→ EXERCISE DIRECTIONS
Print out the data precisely as it appears here, with no pictures.

→ TASK INPUTS

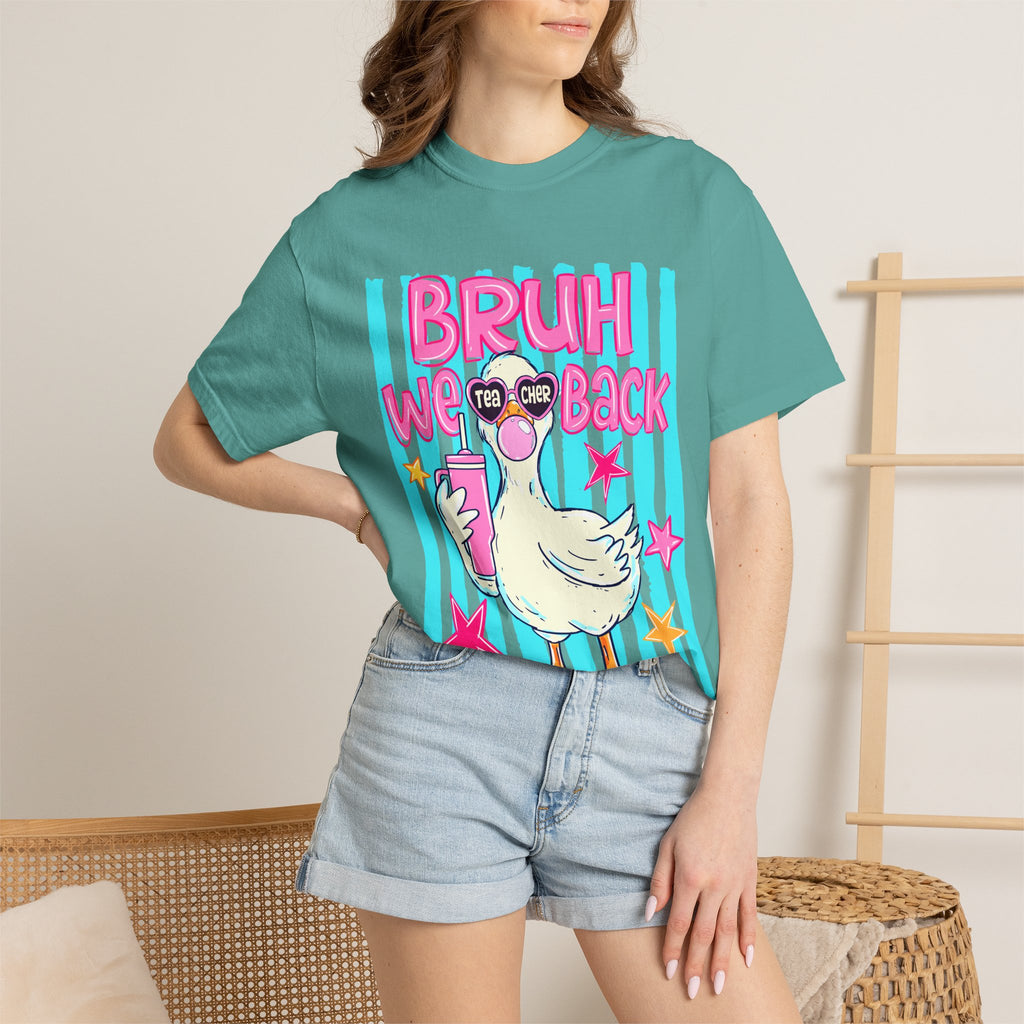 T‑Shirt — 'Bruh We Back' Duck Graphic Tee (Retro Pastel Streetwear)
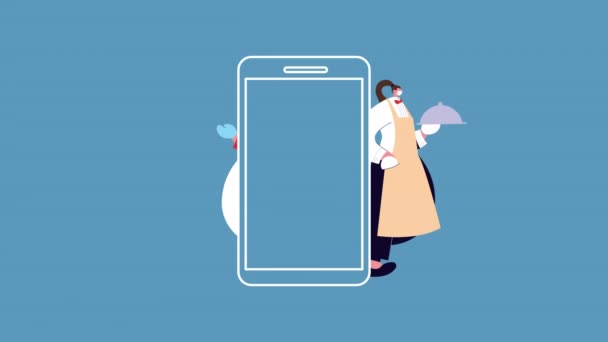 Chef y camarero en smartphone con máscara médica para la protección covid19 — Vídeos de Stock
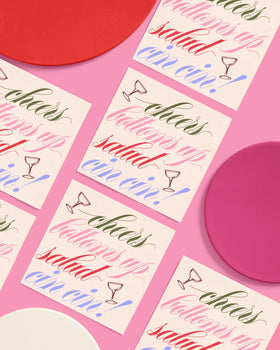 xo Fetti Cheers table-scape napkins showcase versatile styling for holidays and girls' nights.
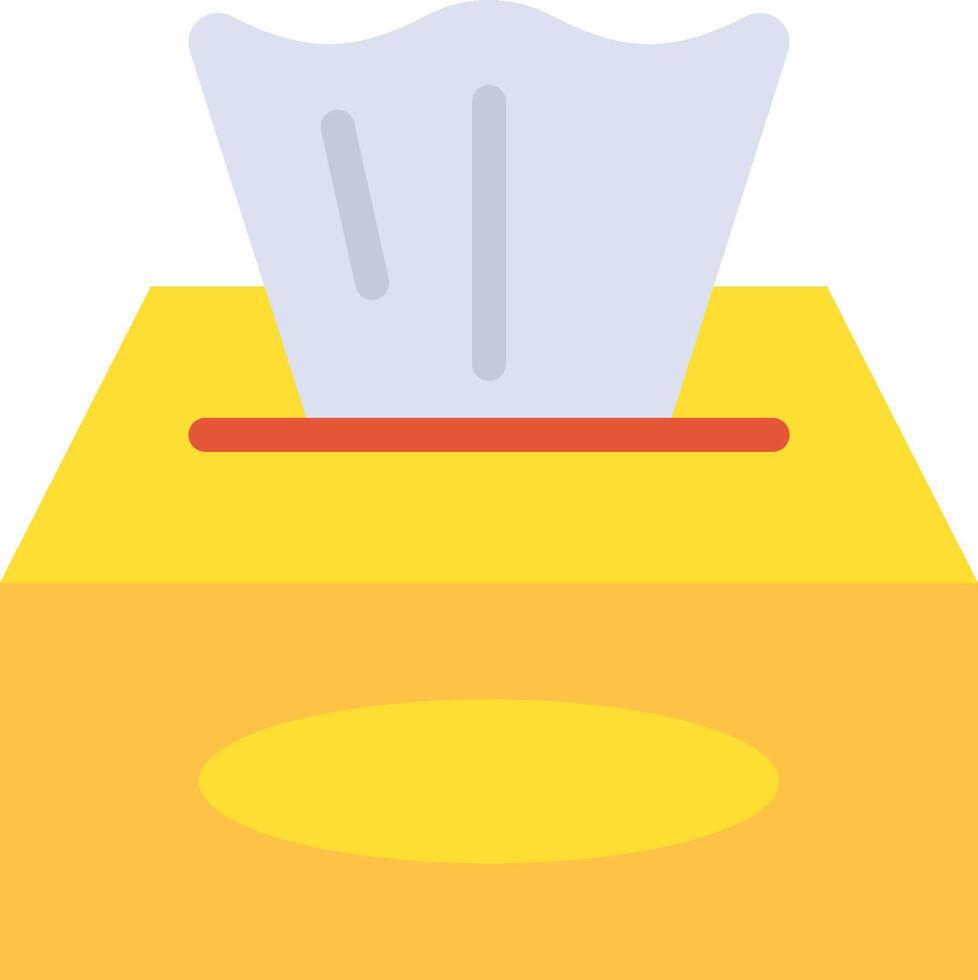 A yellow box with a tissue in it vector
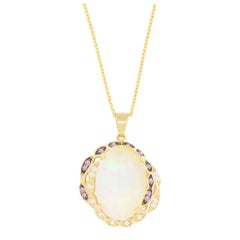 6.66 Carat Opal, 0.10 Carat Pink Sapphire and White Diamond Pendant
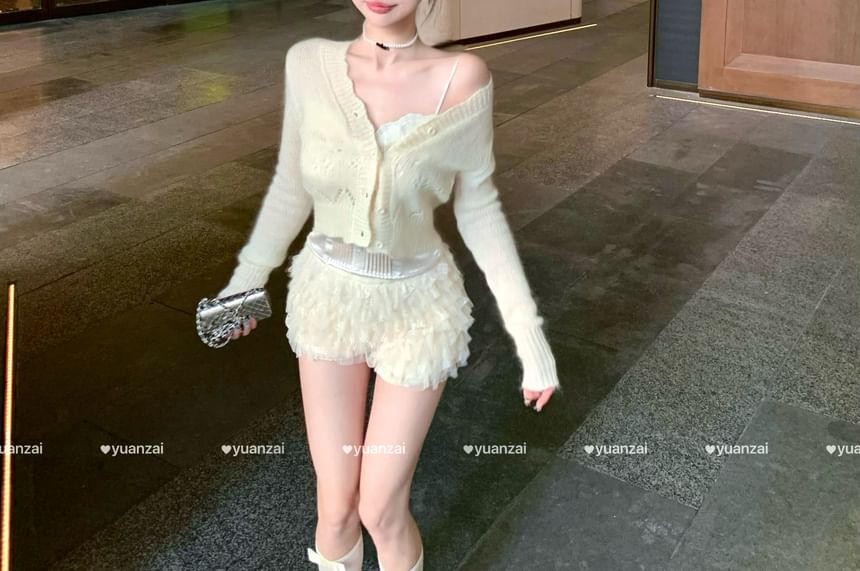 / V-Neck Waist Panel Camisole Mesh Tiered Lace Cardigan Shorts Button Top High Pointelle Satin Plain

→ PROBLEM SOLUTION
 T‑Shirt — 'Bruh We Back' Duck Graphic Tee (Retro Pastel Streetwear)
 Chef y camarero en smartphone con máscara médica para la protección covid19 — Vídeos de Stock
 xo Fetti Cheers table-scape napkins showcase versatile styling for holidays and girls' nights.
 A yellow box with a tissue in it vector
 6.66 Carat Opal, 0.10 Carat Pink Sapphire and White Diamond Pendant
 / V-Neck Waist Panel Camisole Mesh Tiered Lace Cardigan Shorts Button Top High Pointelle Satin Plain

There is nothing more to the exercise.